:: MATERIAL FOR THE TASK ::
^^^^

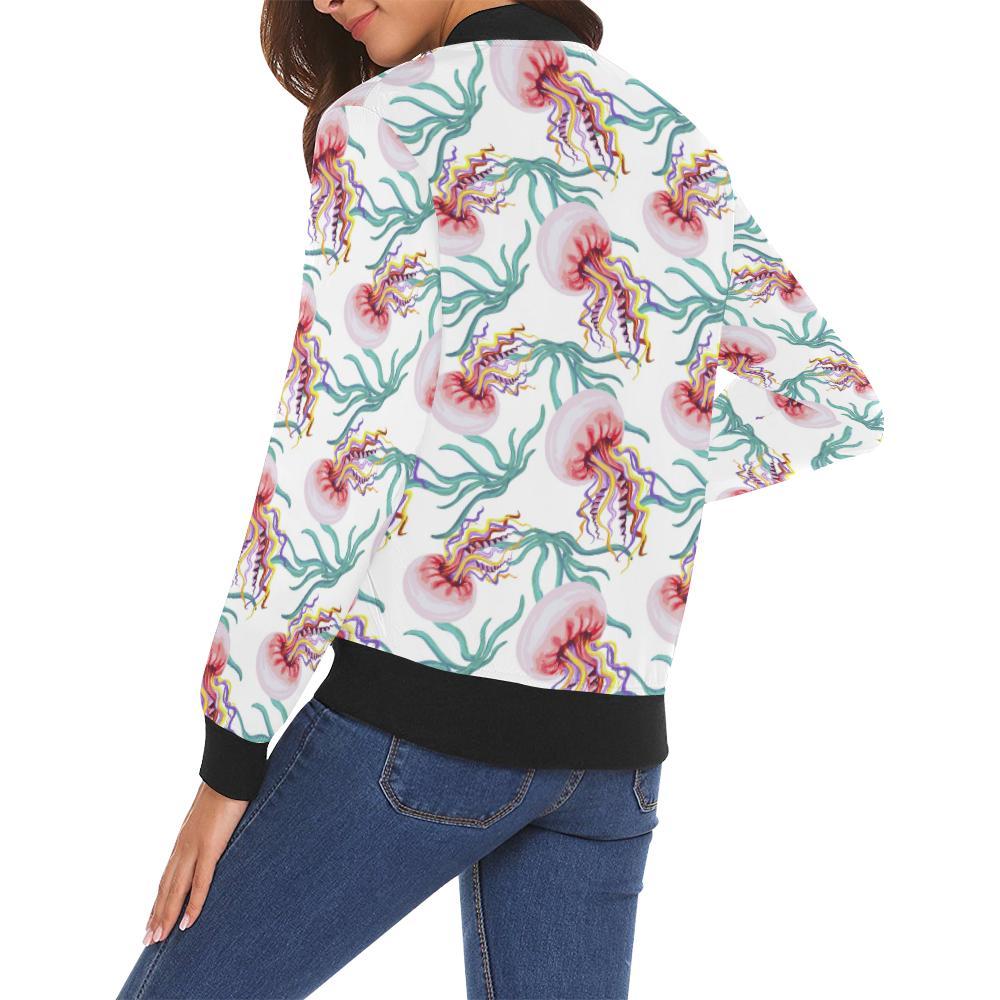 Cartoon Jellyfish Pattern Print Women Casual Bomber Jacket-grizzshop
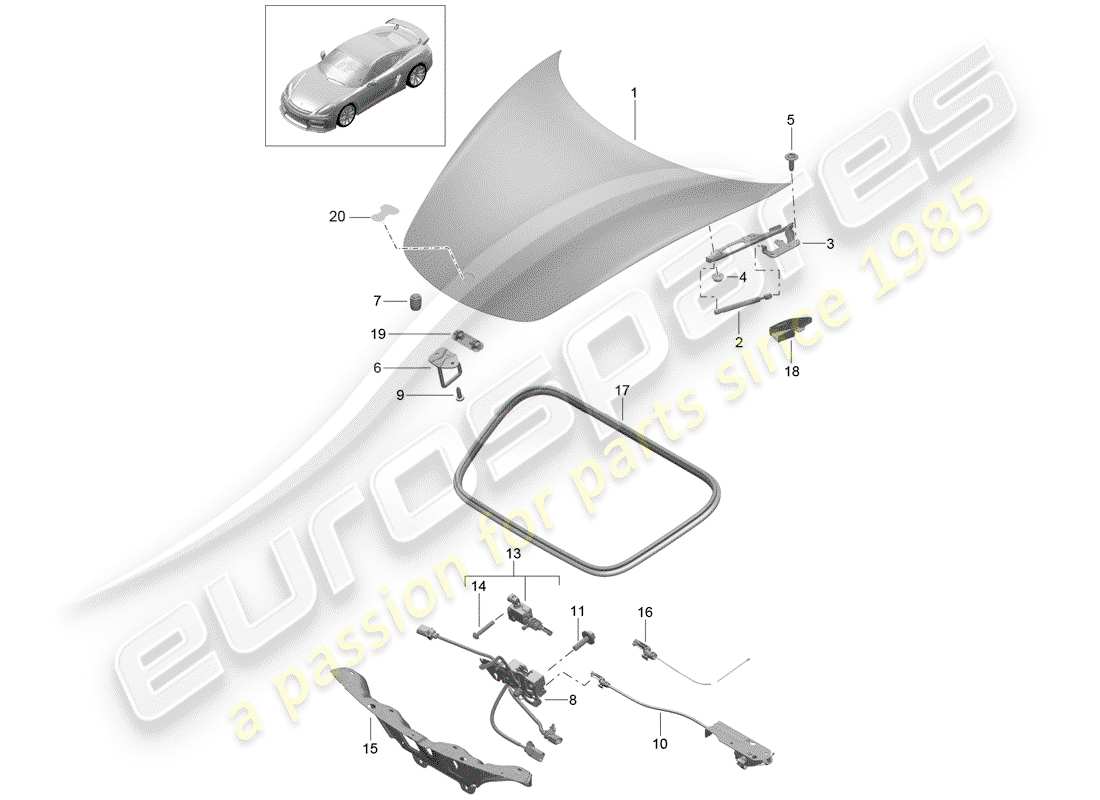 porsche 2016 cover part diagram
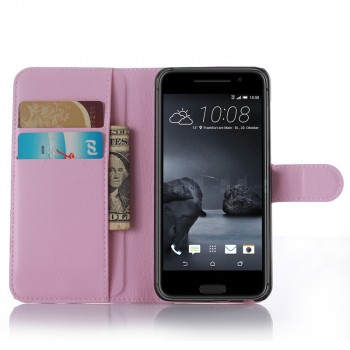 Чехол портмоне подставка на силиконовой основе с магнитной защелкой и отсеком для карт для HTC One A9 Розовый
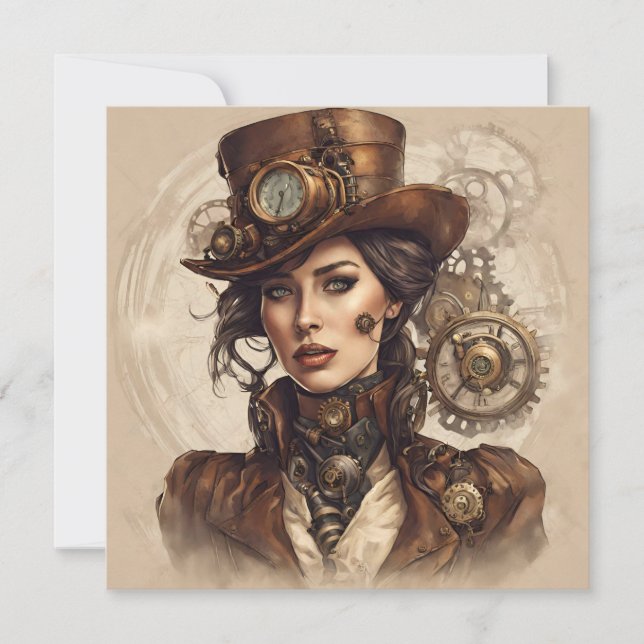 Victorian Steampunk Porträtt från en kvinna Inbjudningar (Framsida)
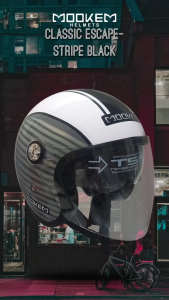 Mookem Helmet -  Classic Escape - Classic Stripe - Classic Half Face Dual Visor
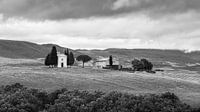 Capella di Vitaleta Val d'Orcia San Quirico Italien in Schwarz und Weiß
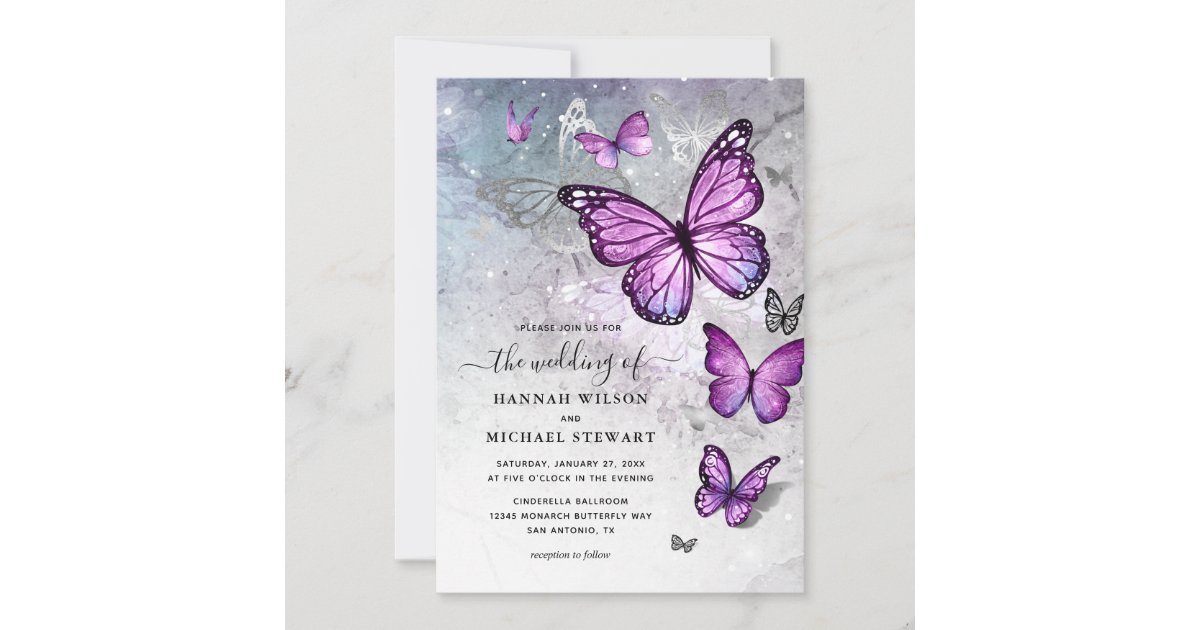 Invitación Elegante Boda de mariposa plateada y morada Zazzle.es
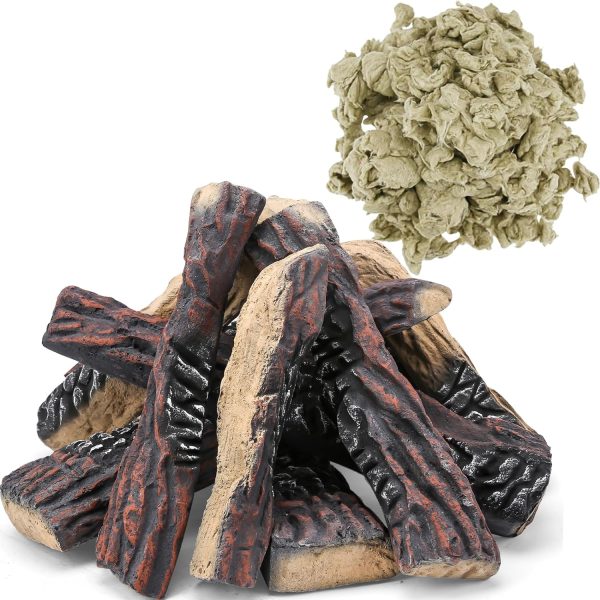 10 Pcs Gas Fireplace Decor Logs with 6 Oz Glowing Embers Set, Inserts Rock Wool and Faux Ceramic Logs for Ventless & Vented, Lp & Ng Gas Fire Pits Discount
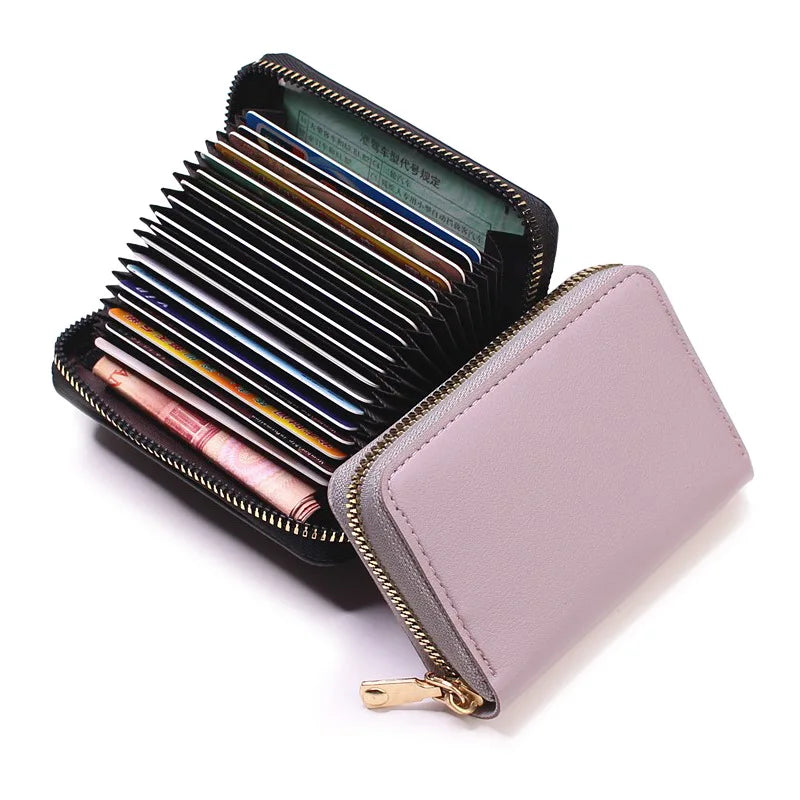 Compact Coin Purse Leather Business Credit Card Case Holder Travel Wallet for Women 20 Card Slots Small Card Pouch with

^^^^

:: ABOUT THIS EXERCISE ::
Quote the records in full and exactly; skip any image.

:: ANSWER SPACE ::
 Cartoon Jellyfish Pattern Print Women Casual Bomber Jacket-grizzshop
 porsche 2016 cover part diagram
 Чехол портмоне подставка на силиконовой основе с магнитной защелкой и отсеком для карт для HTC One A9 Розовый
 Victorian Steampunk Porträtt från en kvinna Inbjudningar (Framsida)
 Mookem Helmet -  Classic Escape - Classic Stripe - Classic Half Face Dual Visor
 Capella di Vitaleta Val d'Orcia San Quirico Italien in Schwarz und Weiß
 Invitación Elegante Boda de mariposa plateada y morada Zazzle.es
 10 Pcs Gas Fireplace Decor Logs with 6 Oz Glowing Embers Set, Inserts Rock Wool and Faux Ceramic Logs for Ventless & Vented, Lp & Ng Gas Fire Pits Discount
 Compact Coin Purse Leather Business Credit Card Case Holder Travel Wallet for Women 20 Card Slots Small Card Pouch with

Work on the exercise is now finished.